◆ ASSIGNED TASK ◆
Find the line with "Beliani Wandspiegel aus" in the entries below, then reproduce it and every line after it down to and including the line with "Local artisanal 190m2", exactly.

--- INFORMATION Enclosed Below ---

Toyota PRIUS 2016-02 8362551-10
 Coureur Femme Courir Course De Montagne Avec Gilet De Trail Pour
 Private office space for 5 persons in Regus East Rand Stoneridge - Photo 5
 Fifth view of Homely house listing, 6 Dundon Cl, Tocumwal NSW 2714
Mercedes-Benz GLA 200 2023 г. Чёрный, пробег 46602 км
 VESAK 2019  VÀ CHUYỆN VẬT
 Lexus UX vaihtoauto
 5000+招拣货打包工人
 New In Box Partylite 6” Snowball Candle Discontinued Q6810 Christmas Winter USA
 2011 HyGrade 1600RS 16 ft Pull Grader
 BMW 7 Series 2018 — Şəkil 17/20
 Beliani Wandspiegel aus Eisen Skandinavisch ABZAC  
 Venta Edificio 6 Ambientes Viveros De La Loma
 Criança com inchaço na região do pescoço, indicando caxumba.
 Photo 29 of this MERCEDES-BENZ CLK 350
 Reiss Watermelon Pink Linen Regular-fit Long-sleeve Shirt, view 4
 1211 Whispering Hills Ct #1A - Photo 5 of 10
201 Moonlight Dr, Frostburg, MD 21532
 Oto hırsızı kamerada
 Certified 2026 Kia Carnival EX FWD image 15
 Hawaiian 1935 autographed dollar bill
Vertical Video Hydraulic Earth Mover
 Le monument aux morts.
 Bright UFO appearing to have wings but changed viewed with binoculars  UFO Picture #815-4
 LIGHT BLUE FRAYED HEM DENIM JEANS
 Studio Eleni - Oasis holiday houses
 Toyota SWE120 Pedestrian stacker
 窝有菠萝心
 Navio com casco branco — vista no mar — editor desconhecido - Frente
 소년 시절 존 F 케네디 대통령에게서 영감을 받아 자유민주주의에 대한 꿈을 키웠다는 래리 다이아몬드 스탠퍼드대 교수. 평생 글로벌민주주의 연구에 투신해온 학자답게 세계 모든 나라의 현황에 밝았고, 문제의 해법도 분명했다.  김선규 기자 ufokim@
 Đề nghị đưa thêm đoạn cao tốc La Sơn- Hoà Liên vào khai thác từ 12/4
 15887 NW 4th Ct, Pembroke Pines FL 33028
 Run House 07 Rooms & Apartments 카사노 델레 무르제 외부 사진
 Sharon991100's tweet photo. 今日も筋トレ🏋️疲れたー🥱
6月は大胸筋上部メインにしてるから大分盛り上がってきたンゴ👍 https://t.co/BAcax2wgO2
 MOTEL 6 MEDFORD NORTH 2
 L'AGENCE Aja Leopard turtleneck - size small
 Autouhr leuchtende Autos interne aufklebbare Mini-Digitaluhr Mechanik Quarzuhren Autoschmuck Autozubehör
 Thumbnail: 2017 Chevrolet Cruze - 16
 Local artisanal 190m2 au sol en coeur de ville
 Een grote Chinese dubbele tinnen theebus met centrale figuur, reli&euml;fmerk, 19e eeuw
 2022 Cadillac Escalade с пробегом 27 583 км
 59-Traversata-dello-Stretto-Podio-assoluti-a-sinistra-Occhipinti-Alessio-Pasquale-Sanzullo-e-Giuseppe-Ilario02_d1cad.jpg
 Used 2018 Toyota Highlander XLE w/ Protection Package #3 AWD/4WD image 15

--- End of Enclosed INFORMATION ---

◆ WRITTEN ANSWER ◆
 Beliani Wandspiegel aus Eisen Skandinavisch ABZAC  
 Venta Edificio 6 Ambientes Viveros De La Loma
 Criança com inchaço na região do pescoço, indicando caxumba.
 Photo 29 of this MERCEDES-BENZ CLK 350
 Reiss Watermelon Pink Linen Regular-fit Long-sleeve Shirt, view 4
 1211 Whispering Hills Ct #1A - Photo 5 of 10
201 Moonlight Dr, Frostburg, MD 21532
 Oto hırsızı kamerada
 Certified 2026 Kia Carnival EX FWD image 15
 Hawaiian 1935 autographed dollar bill
Vertical Video Hydraulic Earth Mover
 Le monument aux morts.
 Bright UFO appearing to have wings but changed viewed with binoculars  UFO Picture #815-4
 LIGHT BLUE FRAYED HEM DENIM JEANS
 Studio Eleni - Oasis holiday houses
 Toyota SWE120 Pedestrian stacker
 窝有菠萝心
 Navio com casco branco — vista no mar — editor desconhecido - Frente
 소년 시절 존 F 케네디 대통령에게서 영감을 받아 자유민주주의에 대한 꿈을 키웠다는 래리 다이아몬드 스탠퍼드대 교수. 평생 글로벌민주주의 연구에 투신해온 학자답게 세계 모든 나라의 현황에 밝았고, 문제의 해법도 분명했다.  김선규 기자 ufokim@
 Đề nghị đưa thêm đoạn cao tốc La Sơn- Hoà Liên vào khai thác từ 12/4
 15887 NW 4th Ct, Pembroke Pines FL 33028
 Run House 07 Rooms & Apartments 카사노 델레 무르제 외부 사진
 Sharon991100's tweet photo. 今日も筋トレ🏋️疲れたー🥱
6月は大胸筋上部メインにしてるから大分盛り上がってきたンゴ👍 https://t.co/BAcax2wgO2
 MOTEL 6 MEDFORD NORTH 2
 L'AGENCE Aja Leopard turtleneck - size small
 Autouhr leuchtende Autos interne aufklebbare Mini-Digitaluhr Mechanik Quarzuhren Autoschmuck Autozubehör
 Thumbnail: 2017 Chevrolet Cruze - 16
 Local artisanal 190m2 au sol en coeur de ville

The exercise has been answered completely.